Records for the exercise:
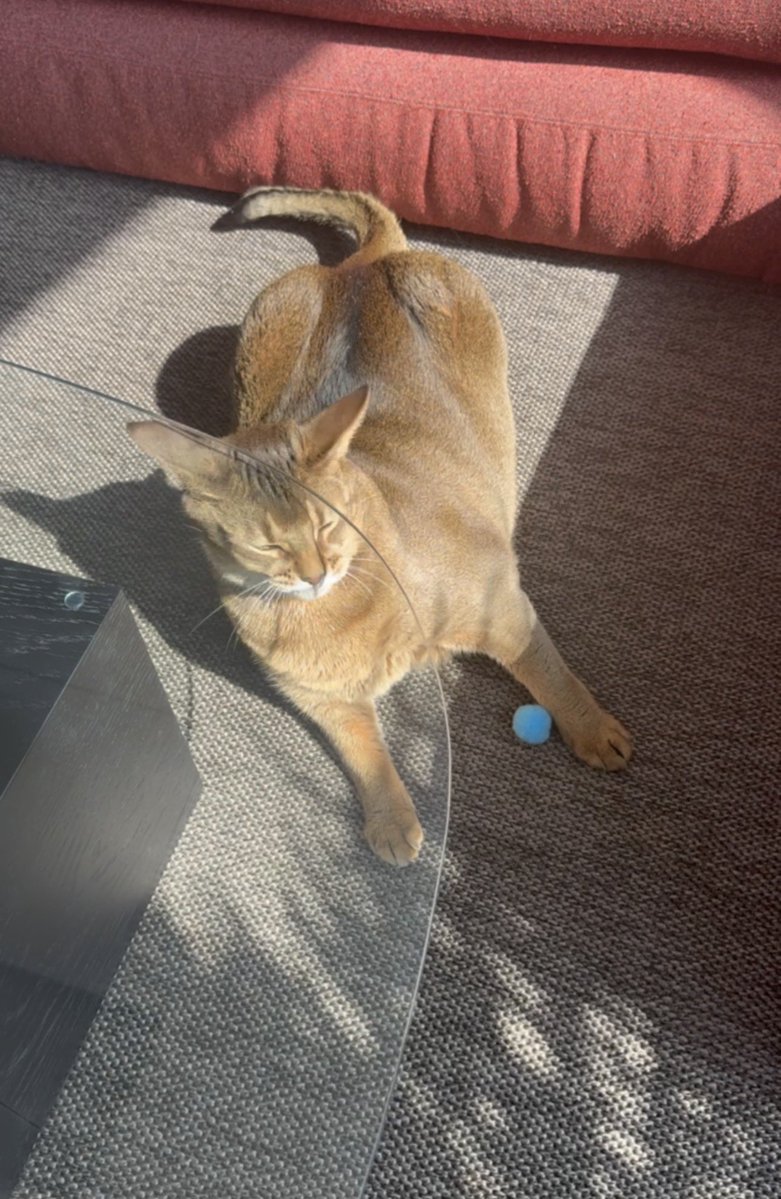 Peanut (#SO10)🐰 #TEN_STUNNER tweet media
==
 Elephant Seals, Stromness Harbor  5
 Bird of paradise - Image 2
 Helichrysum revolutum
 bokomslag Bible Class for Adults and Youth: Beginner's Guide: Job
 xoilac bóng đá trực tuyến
==
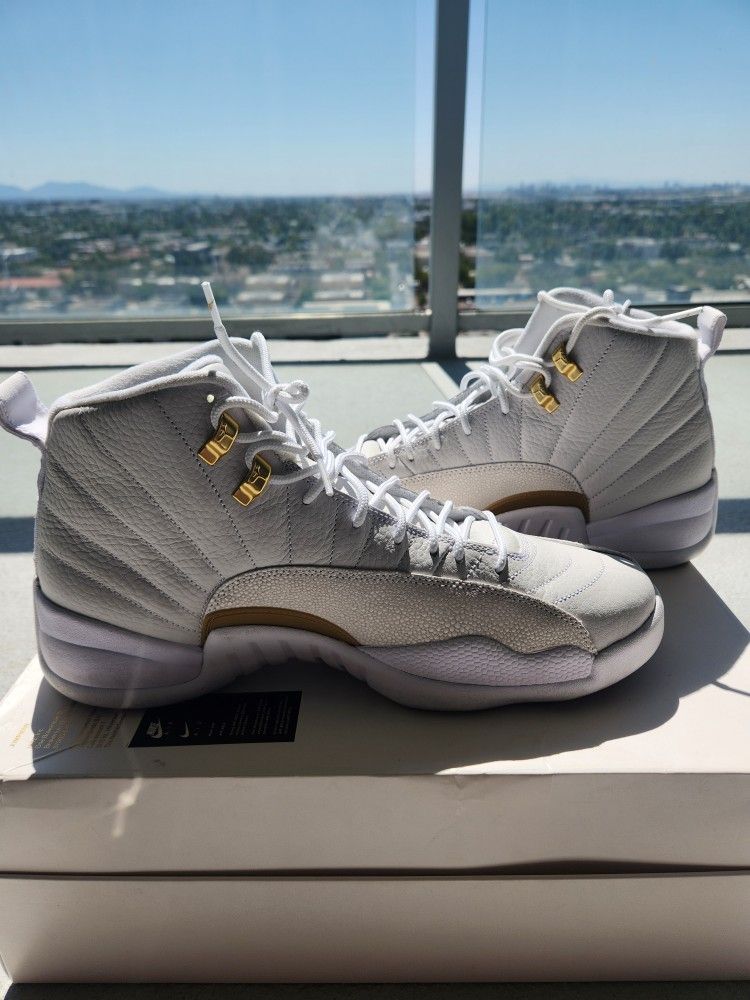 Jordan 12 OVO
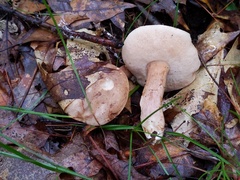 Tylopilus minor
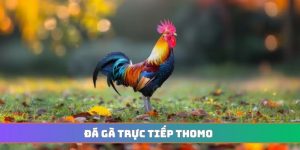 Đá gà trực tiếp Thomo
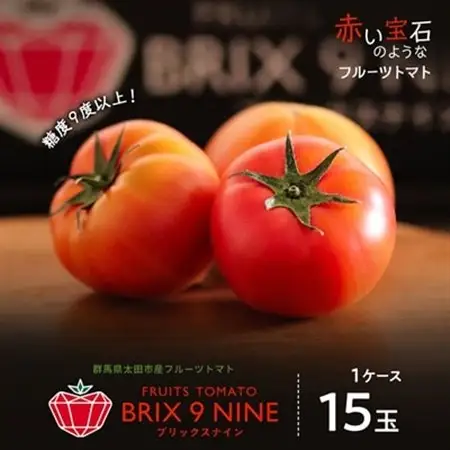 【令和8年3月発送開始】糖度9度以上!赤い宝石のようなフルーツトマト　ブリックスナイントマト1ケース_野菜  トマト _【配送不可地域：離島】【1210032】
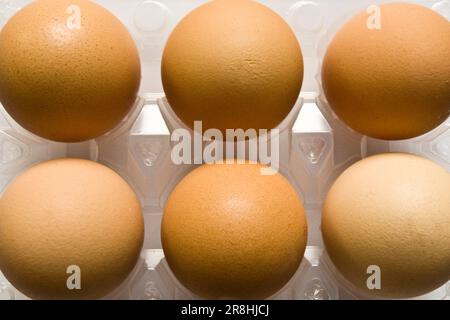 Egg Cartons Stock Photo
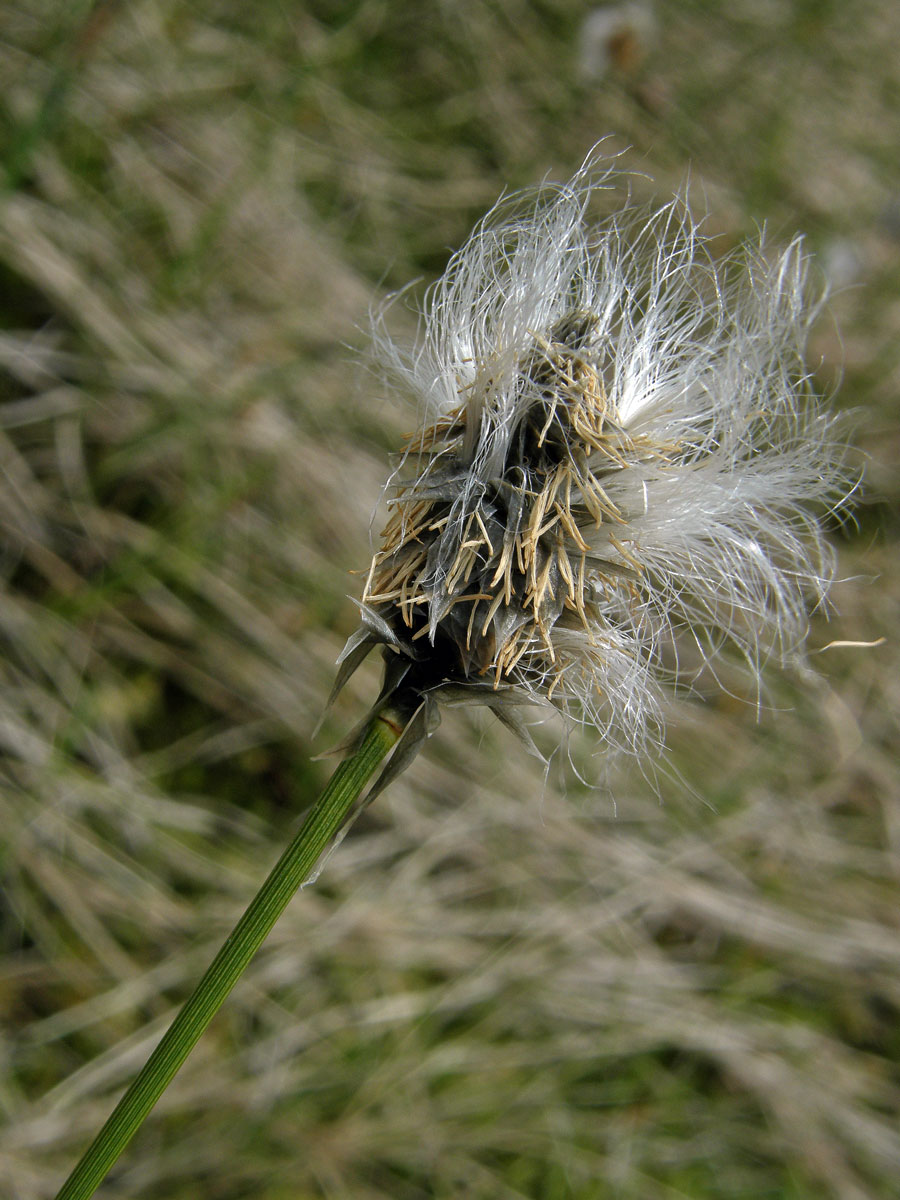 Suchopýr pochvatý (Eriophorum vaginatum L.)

Instructions for the task: Your reply should hold nothing but the lines above, from the one containing "Đá gà trực tiếp Thomo" to the one containing "Suchopýr pochvatý (Eriophorum vaginatum L.)", reproduced exactly minus the pictures.

Answer area:
 Đá gà trực tiếp Thomo
 【令和8年3月発送開始】糖度9度以上!赤い宝石のようなフルーツトマト　ブリックスナイントマト1ケース_野菜  トマト _【配送不可地域：離島】【1210032】
 Egg Cartons Stock Photo
 Suchopýr pochvatý (Eriophorum vaginatum L.)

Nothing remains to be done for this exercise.